Delaware Middle School Newsletter Guide for Teachers

By Adi Ackerman·April 25, 2026·6 min read

Delaware middle school students working on a project with their teacher in a classroom

Delaware middle school families are preparing for high school in a state where the graduation requirements include a specific proficiency demonstration tied to 10th grade DCAS performance. Communicating this connection clearly in middle school newsletters gives families the runway to support their student's preparation rather than encountering the requirement as a surprise in 10th grade.

Connect Middle School to Delaware's Graduation Requirements

Delaware requires students to demonstrate meeting standards in ELA and math as part of the graduation requirement, tied to performance on the 10th grade DCAS. Students who enter high school with solid foundations in middle school ELA and math are significantly better positioned for this requirement.
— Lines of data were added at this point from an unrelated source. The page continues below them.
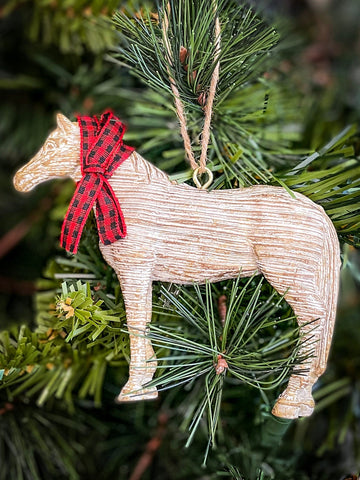 Rustic Horse with Bow Ornament - Gift Items - Gift Corral - Bronco Western Supply Co.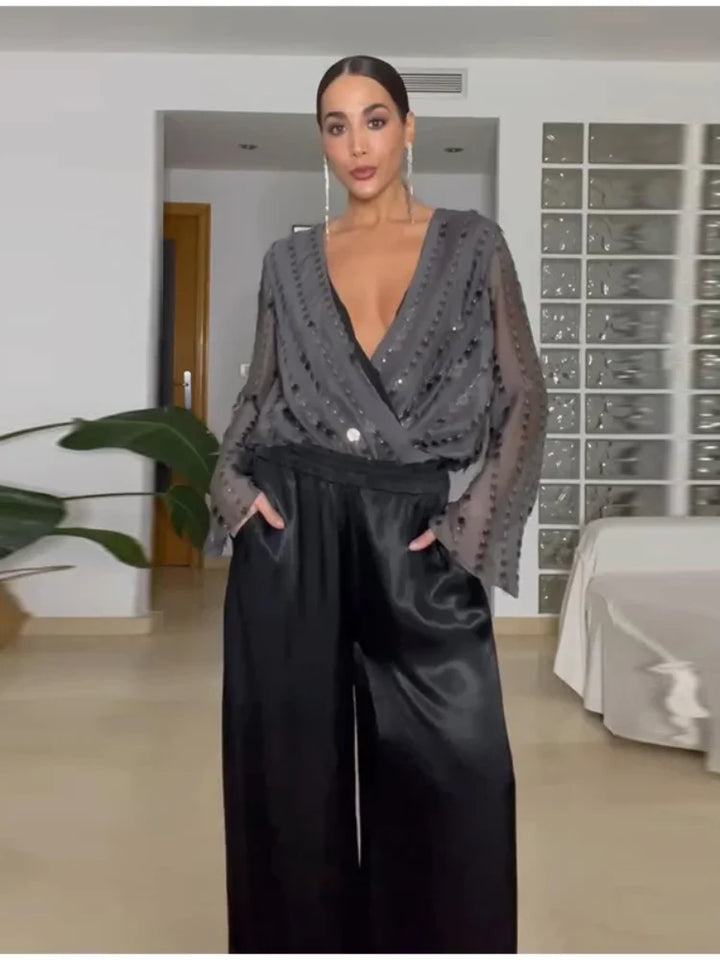 V Neck Layered Sequin Jumpsuit Women Partywear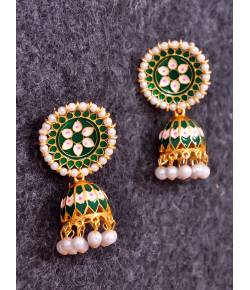 Green With White Pearls Jhumki Earrings 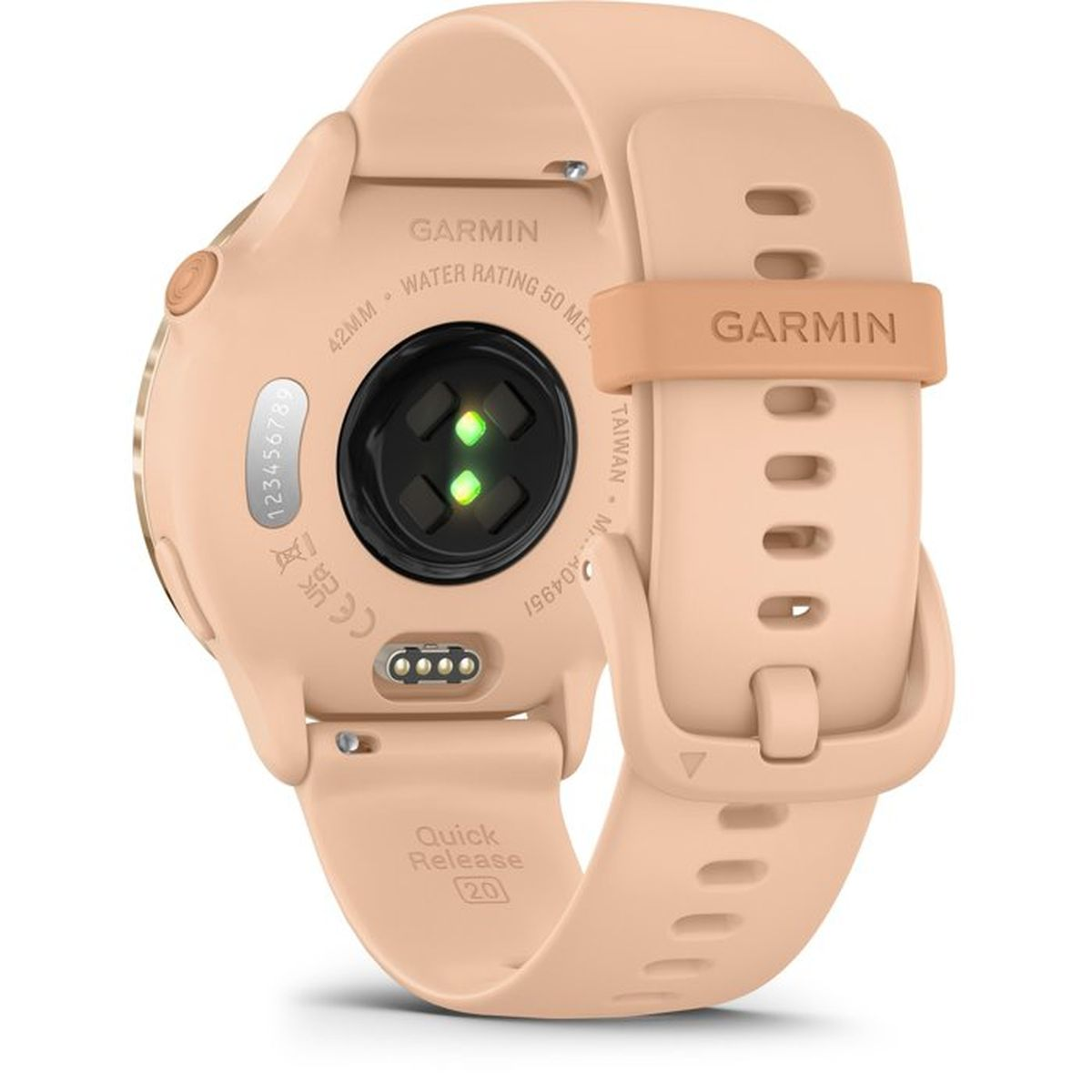 Parte trasera de un reloj inteligente Garmin color melocotón con sensor.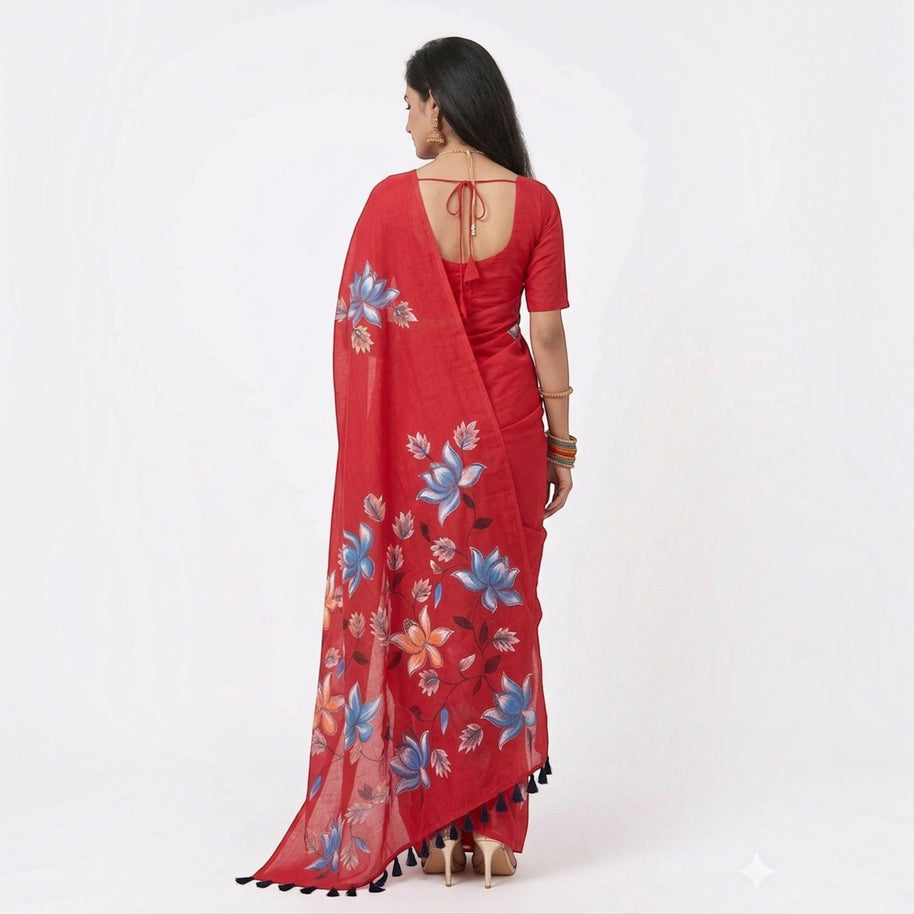 Red Handpainted Cotton Saree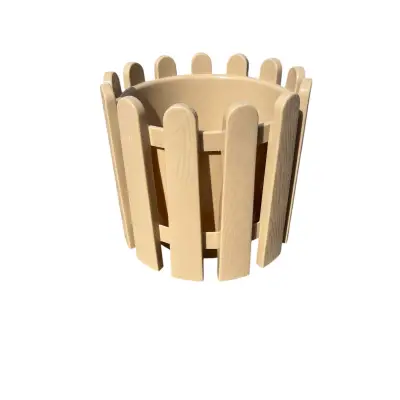 Ghiveci flori nr 4, bej, tip gard decorativ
Your newsletter can make this connection explicit: "The reading skills we are building in 7th grade ELA directly prepare your student for the 10th grade DCAS proficiency requirement that is part of Delaware's graduation criteria." Families who understand this connection take middle school coursework more seriously.
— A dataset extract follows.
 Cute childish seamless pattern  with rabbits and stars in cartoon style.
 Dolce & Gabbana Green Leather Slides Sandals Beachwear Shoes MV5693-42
Communicate DCAS and Its Long-Range Significance

DCAS in grades 6-8 provides annual data on academic progress toward the 10th grade graduation standard. Your newsletter before each spring testing window should explain which subjects are being assessed, what the performance levels mean for where the student stands, and what the connection to high school looks like. A student who is at the "Approaching" level in 7th grade math has two years before the 10th grade assessment -- a newsletter that names this and describes what can be done in those two years turns a score into a plan.
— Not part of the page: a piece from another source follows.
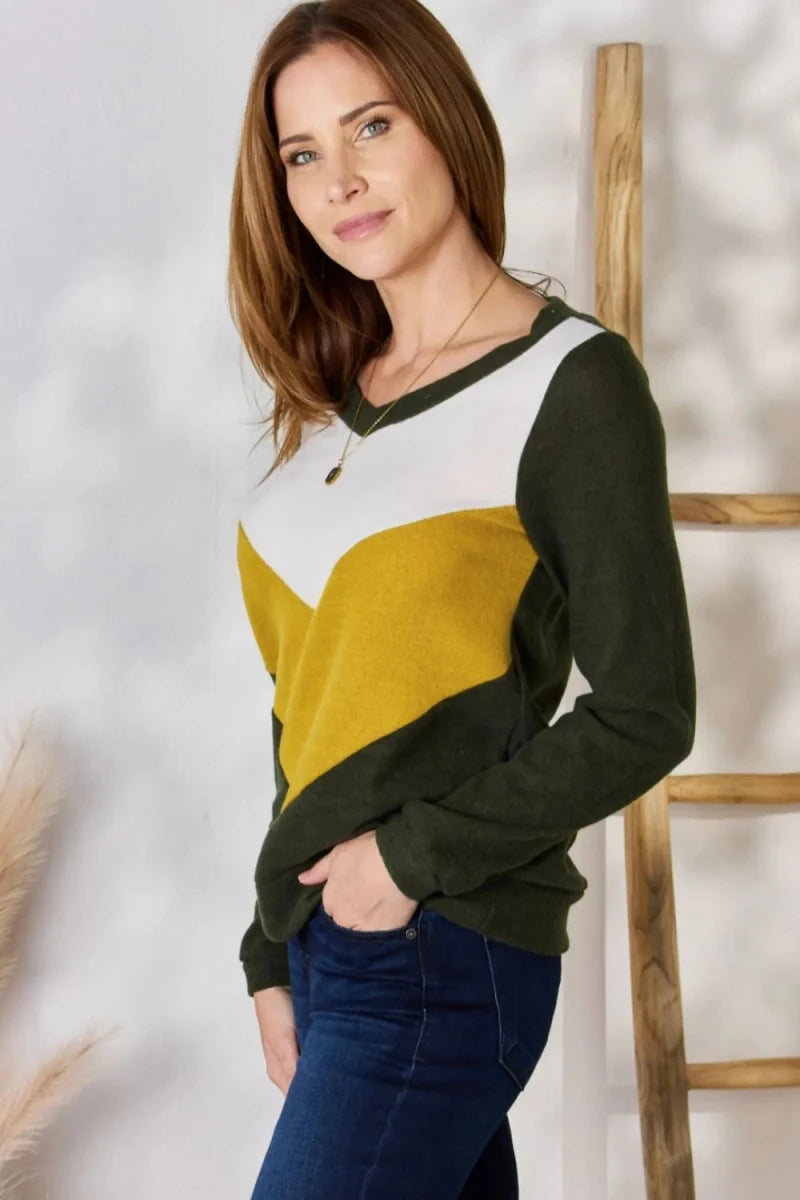 Colorblock V - Neck Blouse with Stretch -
Prepare 8th Graders for Delaware High School Selection

Delaware has several specialized high school programs including Cab Calloway School of the Arts, Delaware Military Academy, Charter School of Wilmington, and the Delaware Academy of Public Safety and Security, plus vocational programs through various districts. Many of these programs have application windows in January or February for 9th grade enrollment. A newsletter in October that identifies available programs, explains their application processes and deadlines, and describes what each offers gives families three to four months of preparation rather than discovering opportunities too late to act on them.

A Monthly Delaware Middle School Template

[Course/Advisory] Update -- [Month]
Current unit: [Topic and standard focus]
Upcoming assessments: [Date and type]
DCAS note: [If testing approaching or score follow-up]
High school prep: [Application deadline or graduation requirement note for 8th graders]
Support available: [Tutoring and office hours]
Contact: [Email and response time]

Address Sussex County's Latino Community

Sussex County middle schools serve many Spanish-speaking families connected to the poultry and agricultural industries. These families have the same communication needs as their elementary counterparts: lower-reading-level newsletters where possible, bilingual key sections, and connections to adult ESL and community support resources. Delaware Technical Community College's Georgetown campus offers adult ESL. Including this resource in a newsletter builds the school's reputation as a community partner rather than an institution that only cares about students.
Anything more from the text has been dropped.